_What you will do_: Begin with the line containing "Thumbnail for Piper" and copy each line exactly through the last line of the entries, inclusive.

=== Begin Enclosure ===

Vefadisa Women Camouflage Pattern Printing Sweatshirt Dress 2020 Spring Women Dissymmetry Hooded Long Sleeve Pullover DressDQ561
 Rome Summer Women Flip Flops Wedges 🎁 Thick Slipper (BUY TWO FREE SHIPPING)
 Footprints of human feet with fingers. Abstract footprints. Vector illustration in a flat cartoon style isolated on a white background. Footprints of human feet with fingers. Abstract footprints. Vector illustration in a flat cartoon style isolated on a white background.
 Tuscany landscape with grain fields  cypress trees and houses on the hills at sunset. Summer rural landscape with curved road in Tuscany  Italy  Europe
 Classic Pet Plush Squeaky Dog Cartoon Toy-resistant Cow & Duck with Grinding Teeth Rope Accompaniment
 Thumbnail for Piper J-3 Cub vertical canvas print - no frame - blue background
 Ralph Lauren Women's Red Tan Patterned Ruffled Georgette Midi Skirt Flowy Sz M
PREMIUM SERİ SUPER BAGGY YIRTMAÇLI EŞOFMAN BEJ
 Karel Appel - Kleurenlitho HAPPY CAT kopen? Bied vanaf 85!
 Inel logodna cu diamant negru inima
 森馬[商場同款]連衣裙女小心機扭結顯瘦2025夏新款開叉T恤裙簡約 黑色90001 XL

=== End Enclosure ===

_Output for this task_:
 Thumbnail for Piper J-3 Cub vertical canvas print - no frame - blue background
 Ralph Lauren Women's Red Tan Patterned Ruffled Georgette Midi Skirt Flowy Sz M
PREMIUM SERİ SUPER BAGGY YIRTMAÇLI EŞOFMAN BEJ
 Karel Appel - Kleurenlitho HAPPY CAT kopen? Bied vanaf 85!
 Inel logodna cu diamant negru inima
 森馬[商場同款]連衣裙女小心機扭結顯瘦2025夏新款開叉T恤裙簡約 黑色90001 XL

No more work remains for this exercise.